Re-examining the Submarine Spring off Crescent Beach, Florida

photo showing boil edge The submarine Crescent Beach Spring, off the NE coast of Florida, provides U.S. Geological Survey scientists with a unique opportunity to field-test a suite of techniques that address coastal oceanography, ground-water geochemistry, sedimentology, and geophysics. The discharge at Crescent Beach Spring is largely restricted to one well-defined vent area, and as a consequence, hydrogeologic controls between onshore recharge areas, regional hydraulic gradients, and spring discharge are more directly related than at other, more typical sites of diffuse submarine ground-water discharge.

Submarine ground-water discharge is generally a widespread, but disperse coastal feature that occurs wherever hydrogeologic gradients enable vertical ground-water transport offshore.  Most submarine ground-water discharge occurs as diffuse seepage and identifying discharge sites or quantifying flux rates across the sediment-water interface has proven difficult. In contrast, the submarine Crescent Beach Spring, located 4 km off the northeast coast of Florida (Fig. 1), represents a rare opportunity to examine submarine ground-water discharge because the discharge is large (greatly exceeds first order spring discharge) and is confined to one prominent solution feature. At Crescent Beach Spring the Miocene confining unit as well as Plio-Pleistocene and younger overburden has been eroded away, and the principal Eocene artesian aquifer is thus in direct communication with the Atlantic Ocean. There is a long history of anecdotal and observed submarine ground-water discharge at Crescent Beach Spring, and this flow does appear to respond quite rapidly to onshore precipitation.  Our sampling efforts at this spring are focussed on examining water transport processes and water sources for the spring using geochemical tracers, geophysical surveys, and vibra coring.

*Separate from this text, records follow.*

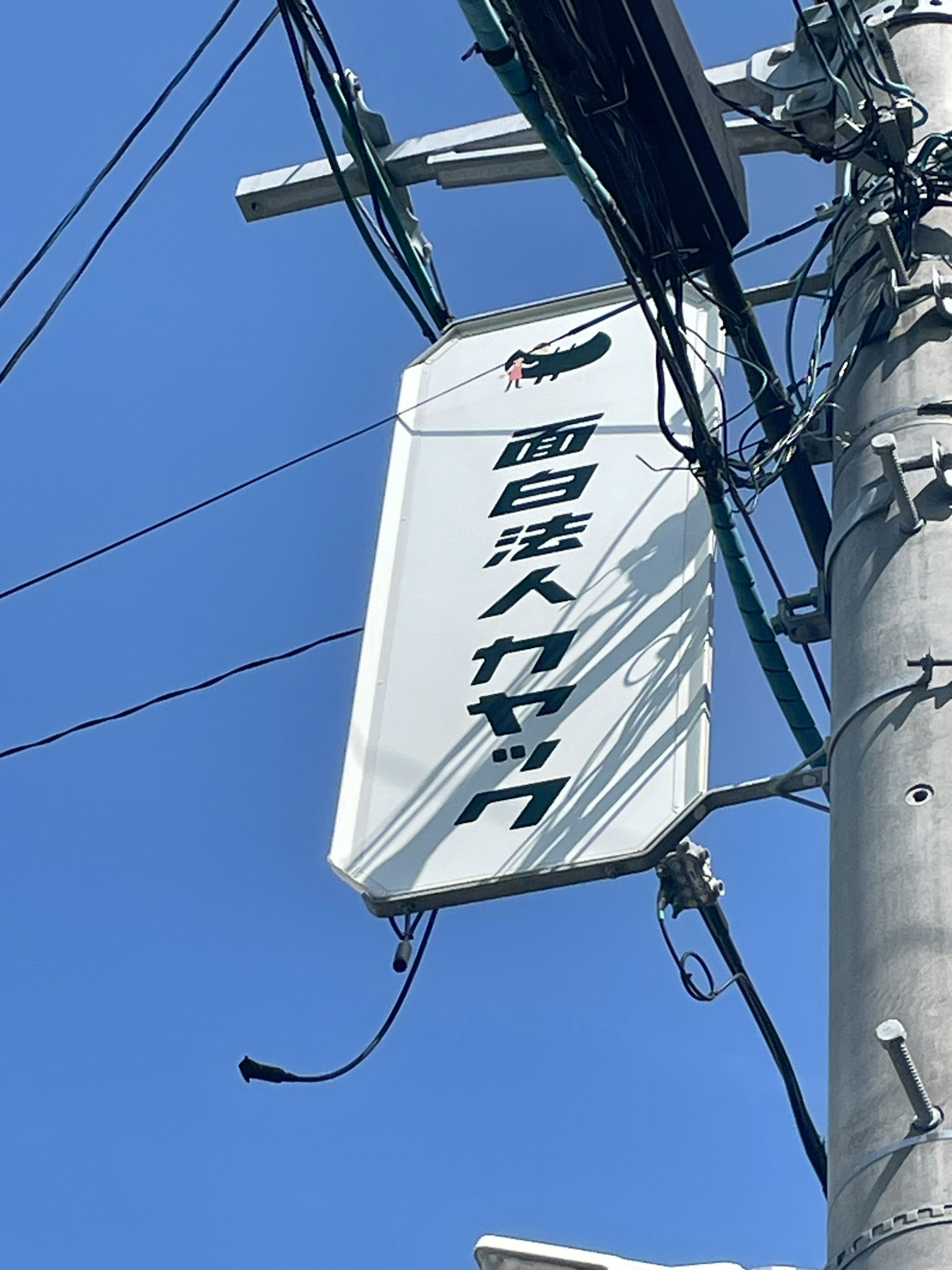 Weißes Schild an einem Strommast unter einem klaren blauen Himmel
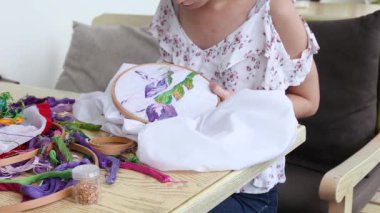 Kafe masasında oturan ve iğneyle dikiş diken yaz elbisesi giyen genç ve güzel bir kız. Nakışlı halka, renkli desenli nakışlı kumaş. Geleneksel hobi, yaşam tarzı. İğne işi, el işi.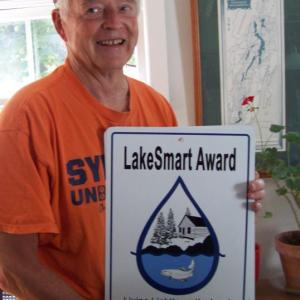 Homeowners receive recognition for meeting LakeSmart standards. Peter Crooker of Pemaquid Pond shows off his LakeSmart award. Courtesy photo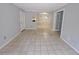 This living room features a tile floor, neutral-tone walls, and an entryway to a dining area, creating an inviting space at 1212 Utoy Springs Rd # 46, Atlanta, GA 30331
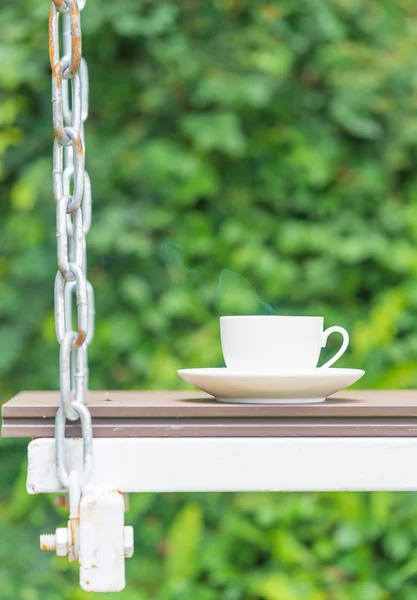 Coffee cup on seat suspended by chains — Stock Photo, Image
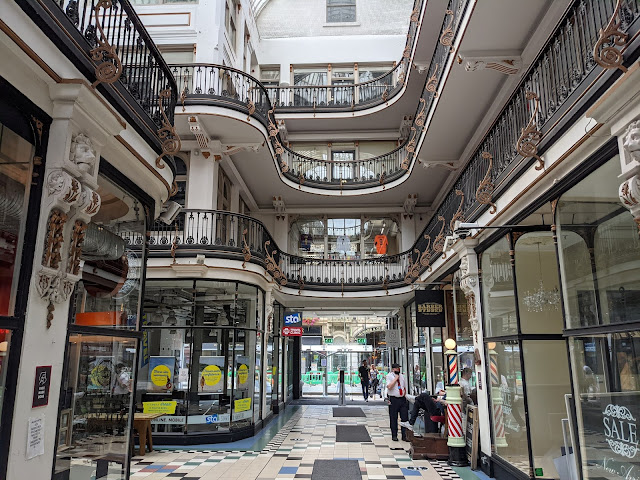 Tiled floor, ornate balconies and light open space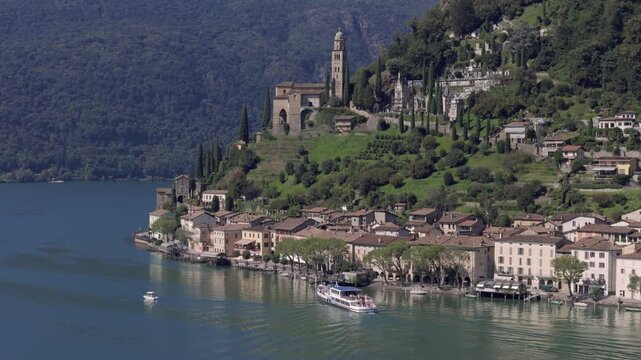 Ferry arrives at Morcote, Switzerland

Figure 1. Site location map for Crescent Beach Spring and surrounding area.
(Click on image for larger version.)

There has been an active interest in Crescent Beach Spring that spans more than 100 years.  The U.S. Coastal Survey produced the first detailed bathymetric chart of Crescent Beach Spring and surroundings in 1875.  Pioneering efforts in defining the underlying geologic framework and hydrogeologic controls at Crescent Beach Spring were first introduced by Stringfield and Cooper (1951) and Brooks (1961).  Manheim╠s (1967) discoveries of freshened interstitial waters as far as 120 km off the coast of Florida further suggest the occurrence of distal discharge zones that appear to be associated with Eocene outcrops, fractures or dissolution features.  These early works recognized potential recharge areas for widespread coastal submarine discharge but also realized the complexity in defining flow paths in highly permeable karstic terrain.  In more recent years, USGS scientists have incorporated the area surrounding Crescent Beach Spring into a high-resolution seismic survey of select coastlines of Atlantic Coastal Plain states.  Results from these surveys served as the impetus for renewed hydrogeochemistry research efforts at Crescent Beach Spring.

Hydrogeologic Framework
The seismic record at Crescent Beach Spring (Fig. 2) reveals a very well defined vent feature that has developed from sustained submarine discharge.  The upper extent of the Crescent Beach Spring vent feature lies at a water depth of approximately 18 m, while the deepest point of the vent trough is at a depth of about 38 m.  The areal extent of the bottom trough has a diameter of about 25 m, with at least one confined, steep-walled spring discharge opening.  A possible source aquifer for Crescent Beach Spring is the Eocene (about 40 Ma) Ocala Limestone, and this formation is one of the most productive of the Floridan aquifer system.  Surficial water is recharged into the Ocala Limestone through a complex network of lakes and sinkholes east of Gainesville, Florida (Fig 3). The overlying clay-rich Miocene Hawthorn Group forms an effective upper confining unit for the aquifer, and consequently, numerous free-flowing springs exist in the St. John╠s River system and many coastal wells are artesian.  The Hawthorn Group decreases in thickness along a west-to-southeast transect and is probably only about 15 m thick at Crescent Beach (Popenoe et al., 1984).  At Crescent Beach Spring, the Hawthorn confining unit has been eroded away entirely, enabling the Ocala Limestone to be in direct contact with overlying seawater.  The seismic record in Fig. 2 also reveals multiple large post-Miocene (?) collapse features directly adjacent to the Crescent Beach Spring vent, as indicated by the presence of a series of multiple fractures.

seismic profile
seismic profile interpretation
Figure 2. High-Resolution Seismic Profile (top) of Crescent Beach Spring and surrounding area. The spring discharge is visible in the seismic image. Interpretation (bottom) of seismic profile depicting the underlying geology (adapted from Kindinger et al., 1999).
(Click on images above for larger version.)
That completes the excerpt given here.